Nasce a Perth nel 1989, poi a 17 anni si stabilisce in Europa per vivere le corse. Una settimana fa ha preso casa a Monte-Carlo, che per i piloti è un’isola felice grazie alle agevolazioni fiscali: “Già, però il clima mi ha convinto più delle tasse”.
Australiano come Webber che gli passa il testimone e a fine anno parte per Le Mans. Proprio Webber in Belgio sulla griglia di partenza ai microfoni della televisione australiana anticipava che i giochi per la successione erano chiusi: “La decisione è presa, lo sappiamo tutti chi sarà. Io sono contento, per lui e per l’Australia”. Horner aveva risposto: “Certi commenti vengono tolti dal contesto e Mark non è al corrente di tutti i colloqui con i piloti“. Perché Red Bull non ha mai fatto mistero che ci fossero di mezzo le trattative con Kimi Raikkonen.
Ma pure Ricciardo dopo Spa già parlava con la certezza di chi il contratto ce l’ha in tasca: “Se mi danno l’opportunità di correre con Vettel dimostrerò che ho le carte in regola. E se poi mi va male potrò dire che perlomeno ci ho provato”.
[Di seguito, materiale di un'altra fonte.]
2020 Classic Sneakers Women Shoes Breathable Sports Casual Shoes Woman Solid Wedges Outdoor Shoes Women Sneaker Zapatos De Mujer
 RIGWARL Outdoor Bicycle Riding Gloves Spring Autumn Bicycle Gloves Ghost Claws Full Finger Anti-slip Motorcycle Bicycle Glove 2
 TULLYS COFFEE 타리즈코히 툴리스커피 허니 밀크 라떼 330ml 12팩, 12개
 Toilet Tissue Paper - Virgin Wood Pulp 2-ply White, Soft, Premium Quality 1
Agonisticamente piace a Sebastian Vettel “perché è stato nel gruppo per molto tempo”. Piace meno ad Adrian Newey per una questione di ingombri fisici che fa sorridere, perché Ricciardo ha i fianchi troppo larghi mentre invece Newey nei progetti è abituato alle economie sugli spazi e tende a ridimensionare gli abitacoli. “Se anche facessi una dieta – si giustifica Ricciardo – le ossa dei fianchi non cambierebbero. Ma era successo già con la Toro Rosso. Ci mettemmo un po’ per fare il sedile”.